“Mbak Arini! Mbak!” Gadis kecil dengan rambut pendek sebahu itu mengguncang tubuh Arini yang tertidur di atas sajadah. “Bangun, Mbak. Ayo, bangun!”
Arini yang terlalu lelah setelah menemani Sutini melahirkan dan pulang ke rumah pukul 03.00 dini hari masih tak merespon. Arini masih dalam dunianya. Wajar saja, sepulang dari rumah Sutini ia langsung salat Isya, kemudian tahajud dua rakaat, dan zikir hampir lima belas menit. Lalu membantu adiknya yang belajar matematika.
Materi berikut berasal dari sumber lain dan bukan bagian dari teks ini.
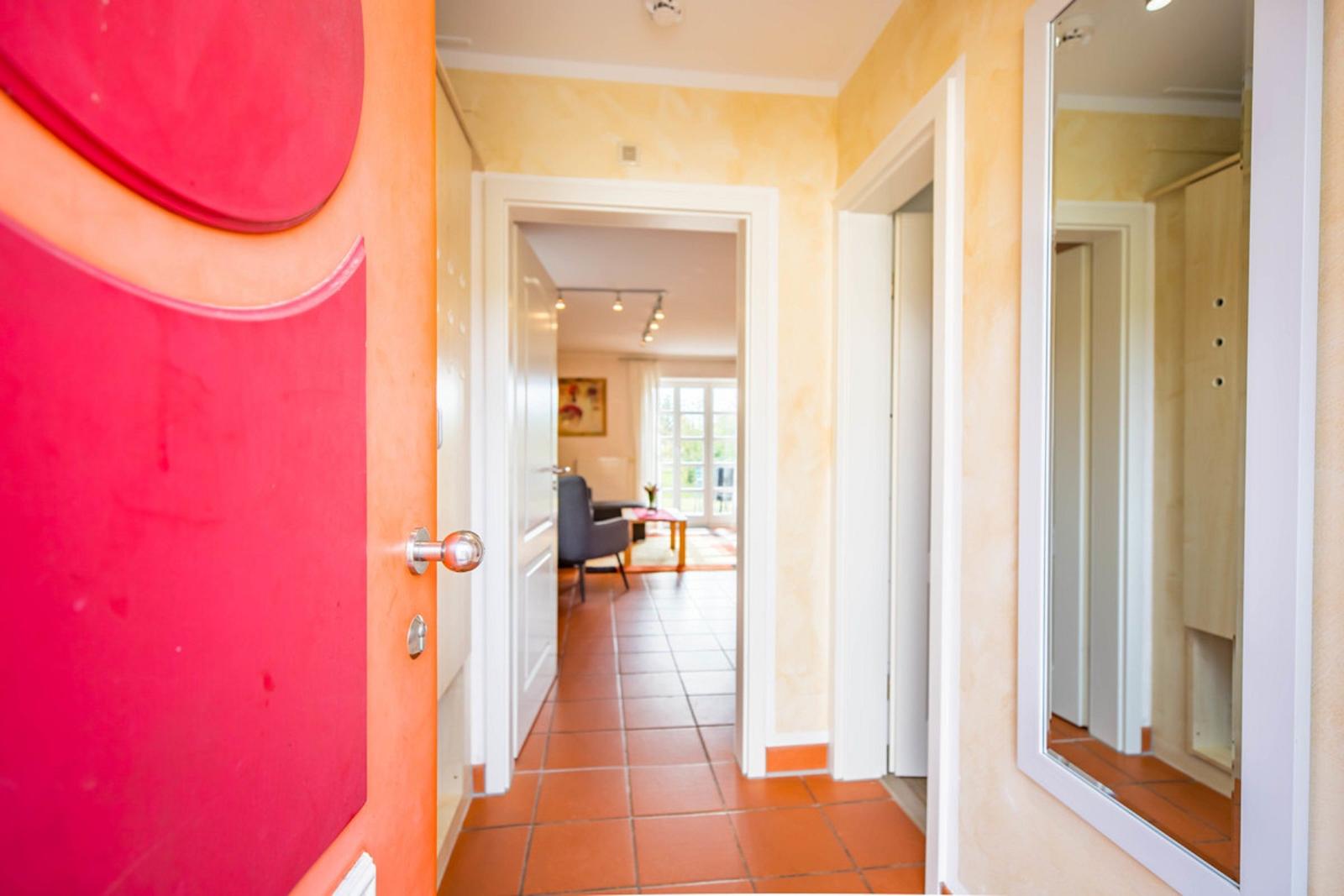 Hausflur mit orangefarbener Tür und Spiegel. Blick in Wohnzimmer mit Sitzgelegenheit.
Adiknya, Maharani memang selalu begitu. Jika ada pekerjaan rumah, akan dikerjakan sendiri atau kerja kelompok, tapi jika ada soal yang tidak bisa dikerjakan, ia akan meminta bantuan dirinya di sepertiga malam.
Arini memaklumi cara belajar adiknya. Setiap orang memang memiliki cara belajar yang berbeda-beda. Begitupun adiknya, menggunakan waktu sepertiga malam bukan untuk belajar pelajaran yang akan diajarkan, malah mengerjakan pekerjaan rumah yang tidak bisa dikerjakan sendiri. Setelah membantu adiknya sekitar lima menit, Arini baru mandi saat azan subuh berkumandang. Tak butuh waktu lama, cukup lima belas menit untuk mengguyur seluruh tubuhnya hingga bersih.
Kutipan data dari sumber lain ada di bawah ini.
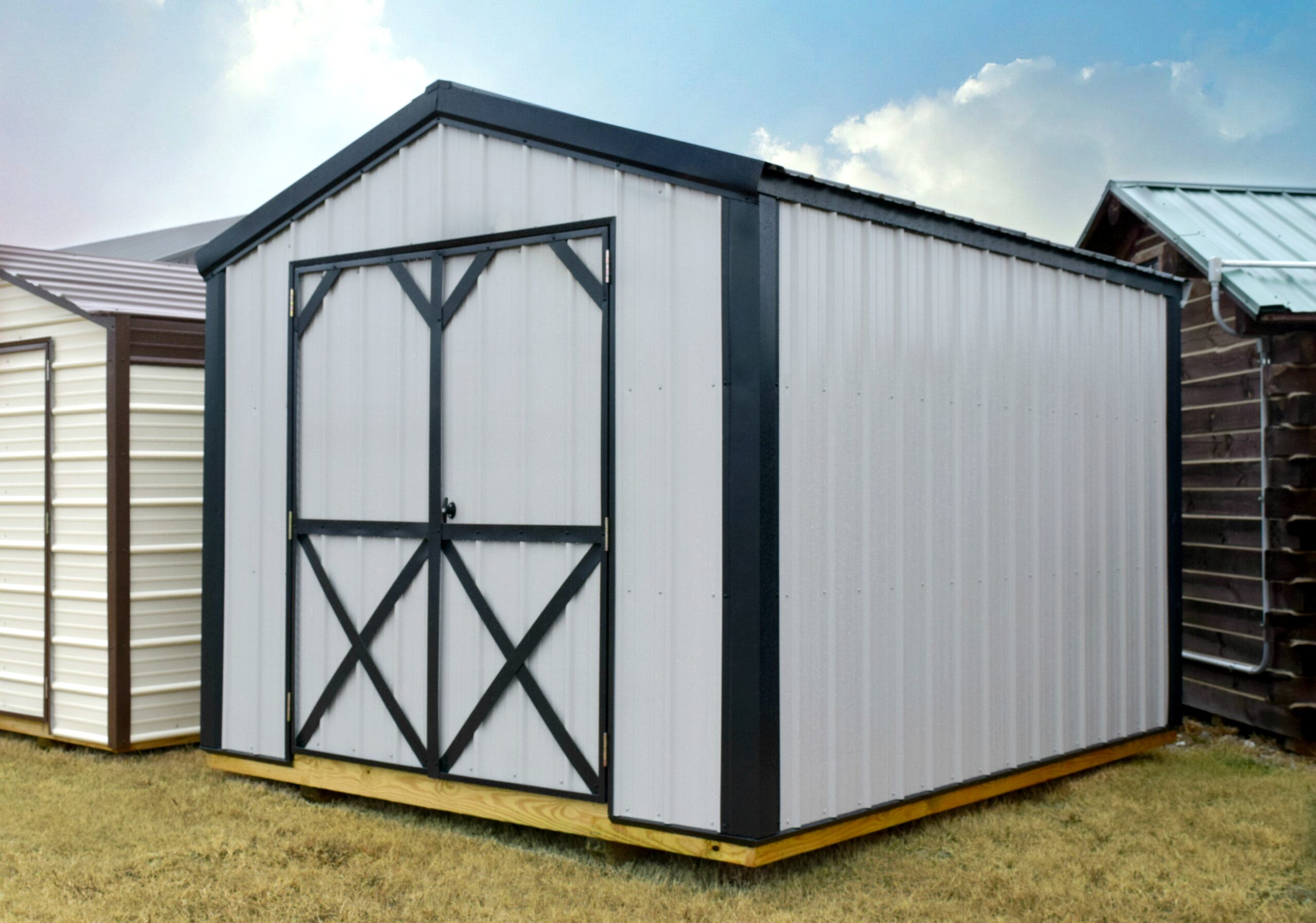 Gray metal shed with black trim and roof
Tak ingin menunda lebih lama, ia salat subuh dua rakaat. Lalu lanjut membaca kitab suci Al-Quran. Walaupun ia ingin segera tidur, tapi ia tetap melantunkan ayat-ayat suci Al-Quran. Sebagai murid dari Kiai Wursita, Arini terbilang cukup mahir dalam melantunkan setiap ayat dengan suara merdu. Ia bahkan beberapa kali memenangkan lomba murotal Al-Quran tingkat desa. Pak De yang merangkap menjadi guru ngaji itu selalu memuji Arini.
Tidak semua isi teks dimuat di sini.